The Imperial Wife

The Imperial Wife is about marriage. What happens to a marriage—or even an entire nation—when a wife is more powerful than her husband?

The novel follows the lives of two women, one in contemporary New York City and the other in eighteenth-century Russia. Tanya Kagan, a specialist in Russian art at a top New York auction house, is trying to entice Russia’s wealthy oligarchs to bid on the biggest sale of her career, The Order of Saint Catherine, while making sense of the sudden and unexplained departure of her husband. As questions arise over the provenance of the Order and auction fever kicks in, we are immersed into the world of Catherine the Great, the infamous 18th-century woman who may have owned the priceless artifact, and who it turns out, faced many of the same issues Tanya wrestles with in her own life. The Imperial Wife asks what female ambition means, today and in the past, and whether a marriage can withstand an ambitious wife.


  • Dazzling and insanely ambitious.

    Gary Shteyngart, author of Little Failure

  • I literally could not put down Irina Reyn’s The Imperial Wife. The manner in which this author is able to switch back and forth between the dwindling marriage of a contemporary New York couple and the domestic life of Catherine the Great is nothing less than masterful. When I finished the book, I was both sorry it was over and overwhelmed with this author’s skill. This is the most satisfying novel I’ve read in a long, long time.

    Katie Crouch, author of Girls in Trucks and Abroad

  • A smart, engaging novel, Reyn writes beautifully of immigrants, art and the vagaries of love.

    Jess Walter, author of the New York Times bestseller, Beautiful Ruins

  • Prepare to be absorbed and transported.

    Elin Hilderbrand, bestselling author of The Rumor

  • An imaginative, thrilling, and exquisite novel.

    Kaui Hart Hemmings, New York Times bestselling author of The Descendants

  • Witty and compassionate, lyrical and sharp, a deeply intelligent and expansive novel. I loved it.

    Molly Antopol, author of The UnAmericans

  • Full of brilliant observation and beautiful writing.

    Roxana Robinson, author of Sparta

  • An absorbing and ingeniously layered novel that seamlessly braids Russian royalty from queens to oligarchs with the darker truths of New York’s sparkling art auctions.

    Carol Cassella, bestselling author of Oxygen and Gemini

  • Readers are treated to fabulous set pieces as the plot moves from the glittering Saint Petersburg court in the eighteenth century to an opulent party in the company of Russian oligarchs along the modern Côte d’Azur. With its sharp characterizations and unexpected twists, Reyn’s novel keeps readers on their toes. Both women elicit compassion due to their position as outsiders, and their stories intertwine in playful and profound ways.

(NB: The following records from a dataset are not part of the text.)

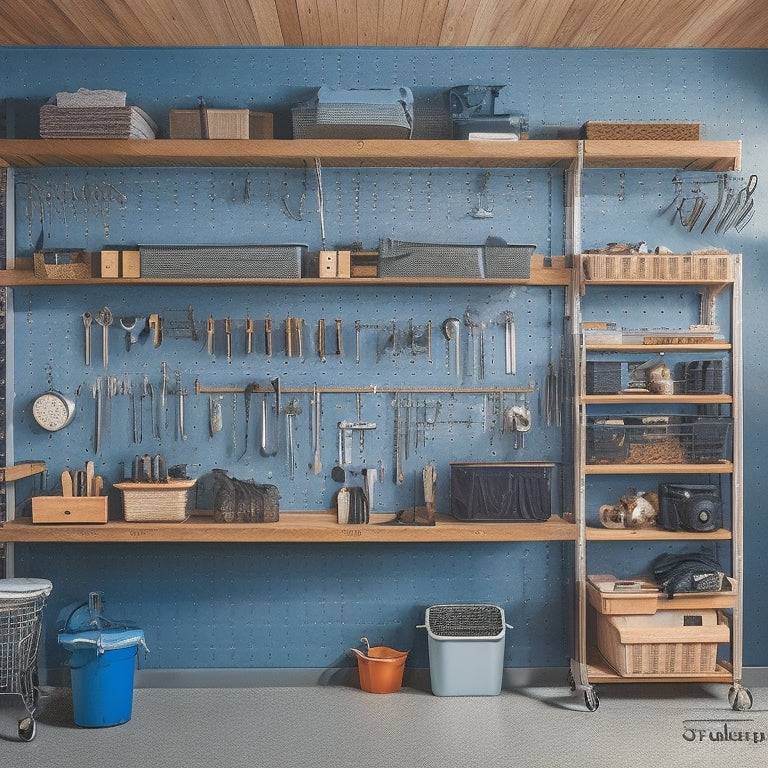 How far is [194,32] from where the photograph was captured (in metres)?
4.39

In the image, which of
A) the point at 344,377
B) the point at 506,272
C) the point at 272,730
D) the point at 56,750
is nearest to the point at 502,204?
the point at 506,272

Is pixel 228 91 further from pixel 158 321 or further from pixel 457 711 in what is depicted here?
pixel 457 711

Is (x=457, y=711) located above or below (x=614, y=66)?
below

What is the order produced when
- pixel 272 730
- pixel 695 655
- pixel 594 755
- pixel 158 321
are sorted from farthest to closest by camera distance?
pixel 158 321 → pixel 695 655 → pixel 272 730 → pixel 594 755

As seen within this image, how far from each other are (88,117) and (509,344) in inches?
89.8

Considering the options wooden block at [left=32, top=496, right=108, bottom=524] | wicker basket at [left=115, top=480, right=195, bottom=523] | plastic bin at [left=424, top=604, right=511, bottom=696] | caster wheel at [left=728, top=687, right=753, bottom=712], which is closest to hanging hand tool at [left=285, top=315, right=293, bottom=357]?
wicker basket at [left=115, top=480, right=195, bottom=523]

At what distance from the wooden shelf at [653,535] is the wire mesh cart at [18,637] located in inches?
100

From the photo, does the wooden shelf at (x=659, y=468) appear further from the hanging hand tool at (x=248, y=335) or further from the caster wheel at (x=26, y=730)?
the caster wheel at (x=26, y=730)

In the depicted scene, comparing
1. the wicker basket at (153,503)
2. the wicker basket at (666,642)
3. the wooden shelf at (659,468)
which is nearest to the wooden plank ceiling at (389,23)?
the wooden shelf at (659,468)

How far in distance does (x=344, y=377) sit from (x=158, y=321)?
0.97 metres

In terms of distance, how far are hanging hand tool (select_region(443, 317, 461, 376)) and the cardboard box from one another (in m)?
1.26

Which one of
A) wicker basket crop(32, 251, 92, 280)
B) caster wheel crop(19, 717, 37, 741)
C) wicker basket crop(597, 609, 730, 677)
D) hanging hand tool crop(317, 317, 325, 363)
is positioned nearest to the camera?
caster wheel crop(19, 717, 37, 741)

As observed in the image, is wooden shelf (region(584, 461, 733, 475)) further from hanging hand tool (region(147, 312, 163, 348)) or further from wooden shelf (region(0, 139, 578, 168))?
hanging hand tool (region(147, 312, 163, 348))

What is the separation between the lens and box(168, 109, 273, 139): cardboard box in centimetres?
433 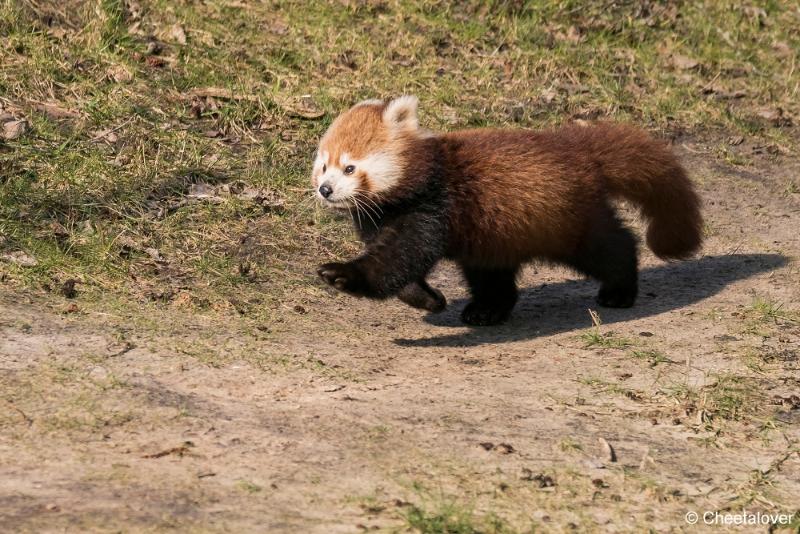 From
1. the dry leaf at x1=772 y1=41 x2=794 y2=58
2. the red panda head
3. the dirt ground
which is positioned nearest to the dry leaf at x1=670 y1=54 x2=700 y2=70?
the dry leaf at x1=772 y1=41 x2=794 y2=58

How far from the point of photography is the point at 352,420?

  • A twist at the end pulls the stories together in a satisfying manner. The stories of two eras and two marriages are related in evocative language steeped in keenly observed details.


  • The parallels between the heroines are neat and unforced…if the clever Reyn convinces us to appreciate the historical Catherine as a modern woman, she also encourages us to second-guess the thoroughly modern and undauntable Tanya.

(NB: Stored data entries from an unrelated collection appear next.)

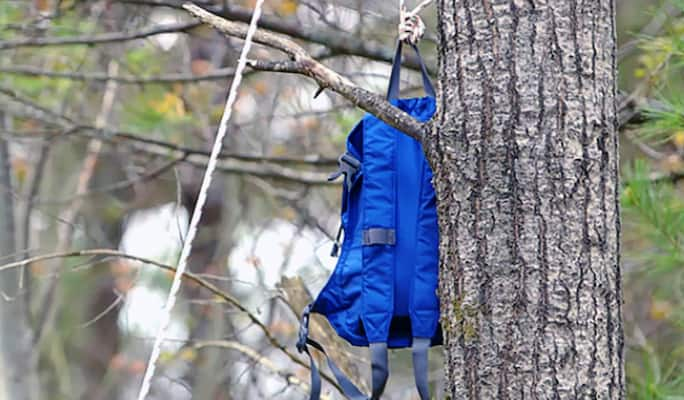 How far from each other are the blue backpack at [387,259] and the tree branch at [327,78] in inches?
4.8

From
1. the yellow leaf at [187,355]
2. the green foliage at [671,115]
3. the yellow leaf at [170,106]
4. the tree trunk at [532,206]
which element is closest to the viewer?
the tree trunk at [532,206]

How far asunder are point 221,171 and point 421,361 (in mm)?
2511

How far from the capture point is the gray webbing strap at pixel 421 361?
1.97 meters

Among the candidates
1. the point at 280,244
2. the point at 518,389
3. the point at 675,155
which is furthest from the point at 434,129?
the point at 280,244

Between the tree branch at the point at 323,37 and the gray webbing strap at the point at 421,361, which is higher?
the tree branch at the point at 323,37

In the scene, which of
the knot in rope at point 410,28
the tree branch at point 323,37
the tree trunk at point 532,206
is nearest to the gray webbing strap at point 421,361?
the tree trunk at point 532,206

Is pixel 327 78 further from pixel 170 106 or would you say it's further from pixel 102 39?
pixel 170 106

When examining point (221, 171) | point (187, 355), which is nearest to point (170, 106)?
point (221, 171)

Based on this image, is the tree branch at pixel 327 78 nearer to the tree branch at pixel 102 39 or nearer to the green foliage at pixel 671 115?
the green foliage at pixel 671 115

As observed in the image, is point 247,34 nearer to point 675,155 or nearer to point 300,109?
point 675,155

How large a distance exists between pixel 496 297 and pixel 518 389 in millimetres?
157

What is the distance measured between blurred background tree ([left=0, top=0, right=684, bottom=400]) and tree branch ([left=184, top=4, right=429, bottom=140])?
826mm

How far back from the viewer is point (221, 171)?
437 cm

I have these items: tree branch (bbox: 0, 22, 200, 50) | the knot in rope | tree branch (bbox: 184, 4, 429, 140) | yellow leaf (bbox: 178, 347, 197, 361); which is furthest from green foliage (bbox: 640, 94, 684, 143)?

    Christian Science Monitor

  • Reyn cleverly weaves Tanya’s story around that of young Catherine’s [Catherine the Great]. Both suffer because they possess certain qualities—ambition, decisiveness, sangfroid—that society expects from powerful men but finds suspicious in women.

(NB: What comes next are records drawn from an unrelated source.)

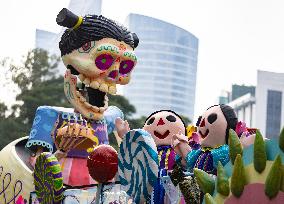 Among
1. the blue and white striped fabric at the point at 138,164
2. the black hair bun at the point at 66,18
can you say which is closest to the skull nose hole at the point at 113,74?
the black hair bun at the point at 66,18

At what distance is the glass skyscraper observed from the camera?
67188mm

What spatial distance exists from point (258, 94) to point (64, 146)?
49.6 metres

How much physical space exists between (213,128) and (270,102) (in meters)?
50.8

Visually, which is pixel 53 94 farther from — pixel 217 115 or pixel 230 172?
pixel 230 172

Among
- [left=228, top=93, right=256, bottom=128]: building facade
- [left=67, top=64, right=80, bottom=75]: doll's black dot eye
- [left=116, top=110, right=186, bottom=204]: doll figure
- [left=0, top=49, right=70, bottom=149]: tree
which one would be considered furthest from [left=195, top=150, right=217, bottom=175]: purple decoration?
[left=228, top=93, right=256, bottom=128]: building facade

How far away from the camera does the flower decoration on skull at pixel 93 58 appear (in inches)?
222

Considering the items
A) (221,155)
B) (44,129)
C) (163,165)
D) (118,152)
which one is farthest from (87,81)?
(221,155)

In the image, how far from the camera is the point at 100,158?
12.7 ft

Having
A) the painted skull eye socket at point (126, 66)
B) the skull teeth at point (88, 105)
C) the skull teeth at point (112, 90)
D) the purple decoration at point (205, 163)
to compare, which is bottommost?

  • Two boss women living in very different time periods in history – modern-day New York City and 18th-century Russia – are connected through the ages by their shared obsession with a priceless piece of royal bling.

    Cosmopolitan magazine

  • [Reyn] is a master of creating realistic and nuanced female characters.

    The Washington Post

  • Reyn's mesmerizing new novel['s]...dual storylines are each intriguing, while the novel skips easily between past and present, leaving readers with more knowledge about Russia (imperial and present day), visual art, auction houses and the lives of the very rich. But its greatest accomplishment is making the inner lives of two fascinating women known...As a fast-paced novel, it's a great read, but as a meditation on what it means to be woman, it's transcendent.

    Pittsburgh Post-Gazette

  • The Russians are coming in this ingeniously structured novel that travels between a present-day art specialist handling the biggest sale of her career and the 18th-century court life of the woman who becomes Catherine the Great.

    O: Oprah Magazine, Reading Room Top 10

  • To explain the relationship between Tanya’s narrative of her own life and Carl’s Young Catherine — received by the critics with praise for the male author’s keen insights into the subjectivity of a young woman — is to give away too much of Reyn’s intricately plotted and engagingly written literary mystery.